In Japan judo and kendo (swordsmanship) have in recent years become required training for youngsters in school. However, in the Japanese mind there is an unmistakable link between these techniques and the military arts. So young dedicated Christian witnesses of Jehovah there decline participation in this training. And some school authorities have taken a reasonable position, not forcing these students to share in what is viewed there as conflicting with the advice to ‘beat swords into plowshares and not learn war anymore.’—Mic. 4:3.
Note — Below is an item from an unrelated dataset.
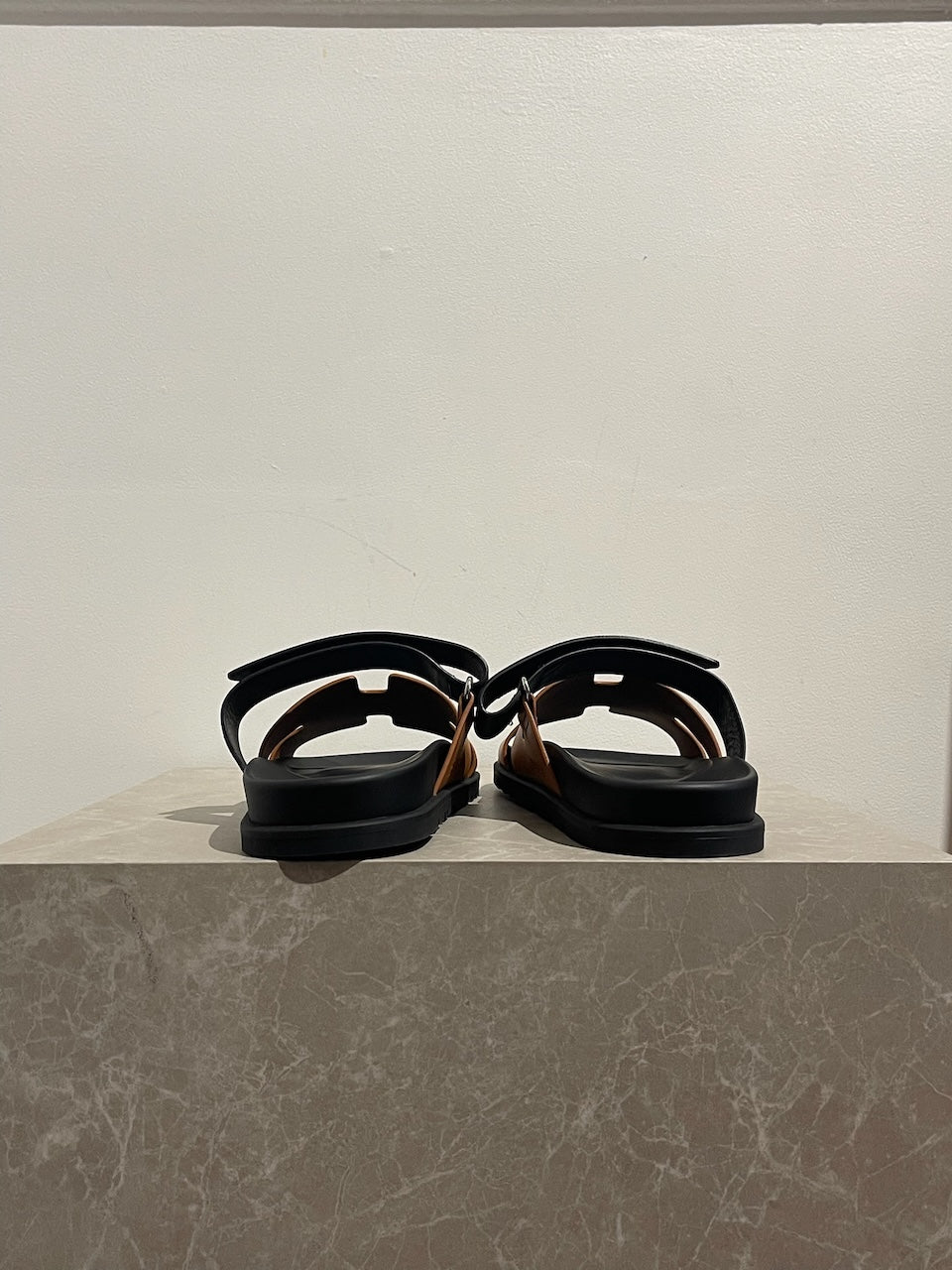 Sandales Hermès Chypre noires T.42,5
Whether a person considers training in judo or karate as for self-defense or merely for exercise, another aspect should not be overlooked. One Japanese writer pointed out: “The art of jujutsu is an important ally on the field of battle. Even in practice one should try to imagine one’s opponent an actual enemy.” Jesus Christ, however, counseled: “Continue to love your enemies and to pray for those persecuting you.”—Matt. 5:44, 45.
Hence, no matter what a person’s motive in considering training in judo or karate might be, he should have in mind how that training would affect his outlook. Would it be aiding him to apply Jesus’ words “love your enemies” or, rather, stimulating just the opposite attitude?
As to special exercise for the sake of keeping fit, each person has to decide for himself whether such is necessary and, if so, what form it will take. The apostle Paul’s counsel to Timothy was: “Bodily training is beneficial for a little; but godly devotion is beneficial for all things, as it holds promise of the life now and that which is to come.”—1 Tim. 4:8.
So, if exercise or bodily training is engaged in, it should not be allowed to encroach upon or overshadow your interest in spiritual matters. Physical recreation should not become the ‘big thing’ in life. The Christian knows that it is not bodily training that holds promise of eternal life. Nor is it the contents of your wallet or purse. What contribute to everlasting life are things such as sincere application of Bible principles, pursuit of godly devotion and being at peace with God.—1 Tim. 6:6-8, 11, 12.